La réputée revue Science vient de publier un article du professeur d’océanographie Bjørn Sundby sur le rôle crucial d’une forme de manganèse négligée, mais pourtant abondante, dans les milieux aquatiques dans le cadre d’une étude sur les sédiments de l’estuaire du Saint-Laurent.

Ressemblant au fer, le manganèse est un métal dit de transition gris-blanc qui s’oxyde facilement. Il en existe trois formes dans l’environnement –  manganèse (II), manganèse (III) et manganèse (IV) – et leur différence dépend de leur état d’oxydation ou du nombre d’électrons dans l’atome. À l’image du fer qui se transforme en rouille à la suite de la perte d’électrons au contact de l’oxygène, la perte ou le gain d’électrons produit une réaction d’oxydoréduction du manganèse.

L’étude réalisée par le professeur Sundby, de l’ISMER, et ses collègues océanographes George Luther, de l’École des sciences et des politiques maritimes de la Faculté des sciences de la terre, des océans et de l’environnement de l’Université du Delaware, et Alfonso Mucci, de l’Université McGill, a permis de faire la lumière sur les phénomènes chimiques qui affectent le comportement et l’abondance du manganèse dans les milieux naturels.

« Le manganèse joue un rôle important dans les milieux aquatiques », explique le professeur Sundby. « En fait, il s’agit d’une substance nutritive essentielle à la plupart des organismes et qui participe à la production d’oxygène par les plantes pendant la photosynthèse. »

Les auteurs de cet article publié dans la revue Science ont prélevé des échantillons des fonds océaniques dans l’estuaire du Saint-Laurent, à l’est de Tadoussac et dans le fjord du Saguenay.
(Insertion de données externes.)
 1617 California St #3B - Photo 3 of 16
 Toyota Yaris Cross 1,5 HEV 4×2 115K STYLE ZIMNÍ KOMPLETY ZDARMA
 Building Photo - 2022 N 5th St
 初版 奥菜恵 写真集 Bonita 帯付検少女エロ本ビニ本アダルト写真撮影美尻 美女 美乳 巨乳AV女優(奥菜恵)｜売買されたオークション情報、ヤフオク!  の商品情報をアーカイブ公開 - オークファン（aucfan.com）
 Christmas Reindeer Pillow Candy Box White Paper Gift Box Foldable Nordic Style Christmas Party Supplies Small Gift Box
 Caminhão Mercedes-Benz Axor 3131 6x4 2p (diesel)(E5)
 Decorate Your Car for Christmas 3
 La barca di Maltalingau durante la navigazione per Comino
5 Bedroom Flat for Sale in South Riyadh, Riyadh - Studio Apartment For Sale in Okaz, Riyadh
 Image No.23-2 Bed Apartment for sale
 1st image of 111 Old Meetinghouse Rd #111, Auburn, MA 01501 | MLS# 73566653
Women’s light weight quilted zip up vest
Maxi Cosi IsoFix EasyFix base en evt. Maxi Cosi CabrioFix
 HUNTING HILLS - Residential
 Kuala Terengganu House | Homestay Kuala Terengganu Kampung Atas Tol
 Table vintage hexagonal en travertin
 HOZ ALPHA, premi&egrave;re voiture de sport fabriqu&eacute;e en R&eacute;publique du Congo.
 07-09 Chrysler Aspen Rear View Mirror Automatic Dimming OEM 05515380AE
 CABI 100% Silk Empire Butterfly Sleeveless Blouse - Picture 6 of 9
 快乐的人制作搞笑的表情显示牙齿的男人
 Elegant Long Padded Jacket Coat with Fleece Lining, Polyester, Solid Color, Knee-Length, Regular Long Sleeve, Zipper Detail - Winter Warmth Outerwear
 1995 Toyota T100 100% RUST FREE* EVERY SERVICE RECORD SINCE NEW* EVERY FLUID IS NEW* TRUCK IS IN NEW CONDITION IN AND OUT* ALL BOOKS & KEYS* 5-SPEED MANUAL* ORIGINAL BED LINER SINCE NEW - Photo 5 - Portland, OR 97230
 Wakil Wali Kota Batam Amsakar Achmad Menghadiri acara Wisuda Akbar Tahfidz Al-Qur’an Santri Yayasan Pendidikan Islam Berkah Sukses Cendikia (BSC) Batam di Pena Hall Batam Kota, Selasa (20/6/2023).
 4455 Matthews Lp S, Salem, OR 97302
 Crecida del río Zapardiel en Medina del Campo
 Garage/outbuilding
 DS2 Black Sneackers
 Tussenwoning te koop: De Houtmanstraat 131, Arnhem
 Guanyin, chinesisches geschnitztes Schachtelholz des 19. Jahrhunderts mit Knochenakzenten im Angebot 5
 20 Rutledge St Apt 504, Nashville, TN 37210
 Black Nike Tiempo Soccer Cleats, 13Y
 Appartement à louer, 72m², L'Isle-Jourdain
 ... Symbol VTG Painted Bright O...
Les travaux de prélèvement ont été effectués sur Le Coriolis II en 2009 et en 2010.

« L’estuaire du Saint-Laurent est particulièrement riche en oxydes de fer et en manganèse », observe Bjørn Sundby. « Nos résultats ont révélé que le manganèse (III) constitue jusqu’à 90 % du manganèse total dissous. Donc, cette forme dissoute du métal est présente dans d’autres milieux marins où les taux d’oxygène varient, et non seulement dans la colonne d’eau de la mer Noire où le professeur Luther en avait fait la découverte il y a quelques années. »

Dans le cadre de l’étude, des prélèvements ont également été effectués dans des marais salants du Delaware. « Dans tous les cas, nous avons trouvé du manganèse. Ce qui nous porte à conclure que tous les sédiments marins en contiennent », mentionne le professeur Sundby.

Fait à souligner, la recherche a permis d’identifier le chaînon manquant dans le cycle du manganèse permettant de comprendre les liens entre la biologie, la géologie et la chimie dans les milieux océaniques. Dans les modèles de manganèse connus jusqu’alors, les scientifiques avaient omis de distinguer le manganèse (II) et le manganèse (III), ayant pris pour acquis que les concentrations de manganèse total dissous provenaient du manganèse (II). Aussi, les auteurs de la recherche proposent que le modèle conceptuel du cycle d’oxydoréduction des sédiments soit révisé pour y inclure le manganèse (III) dissous.

Intitulée Abundant porewater Mn(III) is a major component of the sedimentary redox system, l’étude des scientifiques canadiens et américains a été publiée dans le numéro du 23 août 2013 de la revue Science. Mentionnons que l’auteur principal est le candidat au doctorat Andrew Madison, de l’Université du Delaware

Bien que retraité, Bjørn Sundby possède le statut de professeur à l’Institut des Sciences de la Mer de Rimouski et celui de professeur adjoint du département des Sciences de la Terre & des Planètes à l’Université McGill. Il est toujours actif en recherche et ses projets sont subventionnés par le CRSNG.